Kesaksian Hidup dari Reinhard Bonnke,
buta melihat, lumpuh berjalan, tuli mendengar, berbagai macam jenis penyakit
telah di sembuhkan dan lebih luar biasa lagi jutaan jiwa telah di selamatkan
oleh Tuhan, melalui hamba-Nya. panggilannya untuk melayani di negara Afrika
Selatan, setiap KKR-nya di hadiri jutaan orang. Kesaksian ini akan menceritakan
Kisah Reinhard Bonnke dari masa kecil dia dengan keluarga.. Selamat membaca..?
Panggilan menjadi Penginjil
Siapa tak kenal dengan Reinhard
Bonnke. Seorang penginjil yang setiap acara KKR-nya dihadiri jutaan orang.
Puluhan juta orang pun sudah dibawanya kepada Kristus. Hal ini sejalan dengan
tujuan hidup pria kelahiran Jerman ini, yaitu “menjarah neraka untuk melimpahi surga dengan jiwa-jiwa”.
Meski mendapat banyak tantangan
berat, ia terus menghidupi tujuan agung itu. Pertobatan diawali pada usia 9
tahun, dan pada tahun 1967 panggilan Allah dalam ladang misi membawanya ke
Lesotho, sebuah negara kecil di Afrika Selatan. Allah terus membawanya sampai ia
membentuk pelayanaan lembaga misi bernama Christ for all Nations (CfAN). lembaga
ini telah mengadakan KKR-KKR di luar negeri, menerbitkan 178 juta buku dalam
140 bahasa, dan melatih para pemipin dalam penginjilan yang dituntun oleh Roh Kudus.

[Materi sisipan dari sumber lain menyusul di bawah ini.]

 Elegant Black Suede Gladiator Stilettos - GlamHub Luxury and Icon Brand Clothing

Even Greater adalah salah satu
karyanya. Buku ini menceritakan bagaimana orang-orang biasa seperti kita, anda
dan saya dipakai Allah untuk secara naratif ini tidak sekedar bertutur tentang
mujizat, yang buta melihat, yang lumpuh berjalan, yang tuli mendengar dan
sebagainya. Tetapi terutama tentang betapa iman yang bertumbuh mewujud menuju
kesejatian saat orang-orang percaya menghadapi berbagai tantangan.

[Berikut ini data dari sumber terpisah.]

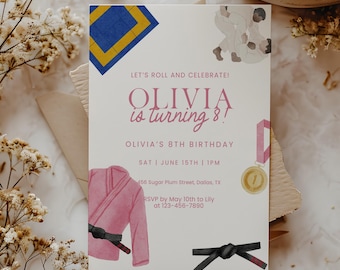 Pink Jujitsu Birthday Invitation Editable Template, Girl Martial Arts Sports Birthday Invite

Masa Kecil Reinhard Bonnke
Kami ada enam bersaudara, sebelum mengenal
Tuhan, ayah kami adalah seorang prajurit bayaran dalam Angkatan bersenjata
Jerman. Ia bertugas sebagai petugas perbekalan di kota pertahanan Hitler yaitu
Konigsberd, di Prussia Timur. Selama waktu itu, Hermann Bonnke menderita sakit
TBC akut. Dalam keputusasaannya, ia mencari Tuhan dan lahir baru serta di
sembuhkan dari penyakit itu pada waktu yang bersamaan.
Saudaraku Jurgen, peter dan saya
jarak umurnya berdekatan dan memiliki banyak pengalaman yang serupa. Kami
sering mengingat hal-hal yang sama. Dia berumur enam tahun dan saya lima tahun
ketika kami sekeluarga terpaksa melarikan diri dari Prussia Timur untuk
menyelamatkan nyawa kami. Ayah kami harus tinggal untuk menghalangi Angkatan
Bersenjata Rusia yang mulai menguasai daerah itu. Mereka tampaknya sangat ingin
membalas dendam kepada semua orang Jerman.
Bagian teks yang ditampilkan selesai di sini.